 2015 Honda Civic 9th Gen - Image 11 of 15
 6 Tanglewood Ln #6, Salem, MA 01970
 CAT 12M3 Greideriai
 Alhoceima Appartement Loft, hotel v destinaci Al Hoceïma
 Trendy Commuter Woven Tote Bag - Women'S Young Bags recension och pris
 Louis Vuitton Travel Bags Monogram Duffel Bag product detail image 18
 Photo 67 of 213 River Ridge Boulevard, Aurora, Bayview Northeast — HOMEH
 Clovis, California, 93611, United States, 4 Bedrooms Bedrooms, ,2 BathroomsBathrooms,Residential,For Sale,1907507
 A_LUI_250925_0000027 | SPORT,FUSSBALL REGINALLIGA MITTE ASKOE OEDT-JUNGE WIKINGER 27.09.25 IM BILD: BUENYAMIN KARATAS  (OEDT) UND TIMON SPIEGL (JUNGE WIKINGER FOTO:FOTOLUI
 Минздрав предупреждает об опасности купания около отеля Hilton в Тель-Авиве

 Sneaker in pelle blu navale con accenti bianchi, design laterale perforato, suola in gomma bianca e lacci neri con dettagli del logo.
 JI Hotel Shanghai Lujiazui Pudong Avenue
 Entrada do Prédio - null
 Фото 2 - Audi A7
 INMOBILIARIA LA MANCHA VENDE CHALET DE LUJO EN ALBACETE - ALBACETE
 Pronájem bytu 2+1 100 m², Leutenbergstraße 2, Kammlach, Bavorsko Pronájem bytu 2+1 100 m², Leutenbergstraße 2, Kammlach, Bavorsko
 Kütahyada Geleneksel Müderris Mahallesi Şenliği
+---+
* ACTIVITY:
Each line from the one containing "INMOBILIARIA LA MANCHA" to the final line above should be written out exactly; please omit the others.

* SOLUTION:
 INMOBILIARIA LA MANCHA VENDE CHALET DE LUJO EN ALBACETE - ALBACETE
 Pronájem bytu 2+1 100 m², Leutenbergstraße 2, Kammlach, Bavorsko Pronájem bytu 2+1 100 m², Leutenbergstraße 2, Kammlach, Bavorsko
 Kütahyada Geleneksel Müderris Mahallesi Şenliği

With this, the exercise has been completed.